There have been a total of three visits- only two hours each visit. My fear in the beginning was that my X would put on a huge act in an effort to win the Father of the Year award. Since the visits are only two hours in length, I didn't anticipate that a lot could go wrong. Being that these reports are now in the hands of the court, the girls' attorney, my X's possession and in my possession... it makes them public record. Because of that, I feel comfortable talking about them in very general terms.
Apparently, I was wrong. A lot can go wrong in a total of six hours. It worries me that he didn't try to put on a show as it makes me question his state of mind.
He was 20 minutes early to the first visit which started everything off poorly for the girls and I. He had strict orders to arrive on time. He had to be asked twice to leave.
According to the report, he ordered his favorite pizza (chicken garlic pizza) without thinking of the girls which means they barely ate anything. They are like most children-- cheese or pepperoni.
He had to be reminded to not use his cell phone.

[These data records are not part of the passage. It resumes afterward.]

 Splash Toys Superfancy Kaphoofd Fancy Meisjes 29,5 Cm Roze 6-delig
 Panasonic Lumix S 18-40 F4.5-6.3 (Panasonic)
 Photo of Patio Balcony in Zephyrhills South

Late to second visit- with no explanation.
He sat and drank coffee while socializing with another father for 20 minutes of his two-hour visit.
Had to be reminded that there are no cameras when he tried to take a photo. (This makes me so angry because I know those photos would have promptly been posted on Facebook to keep up his facade).
Arrived late to the third visit- with no explanation.
On the report, it was noted that, "Dad does not interact much with girls as they play".
He brought a family member to the visit (against the rules) and then denied that they were related when asked three separate times. This was his sister-in-law (brother A's wife) and nephew.
Once again, it is a bag of mixed emotions. If you were to reach in the bag, you would find sadness because my daughters deserve SO much more than this. You would also find shock. Even when I don't think I could possibly be shocked anymore, I am proven wrong. You would also find confusion. It's difficult to understand. If I hadn't seen my children for six weeks, you wouldn't find me drinking Starbucks and socializing with an adult for 20 minutes. You would have to peel me off of my children. Inside my bag of emotions is also anger. Anger because these reports show his true colors.This isn't about our daughters...it's about his need to beat me in court. It's also about saving face with his mom who he can't possibly disappoint.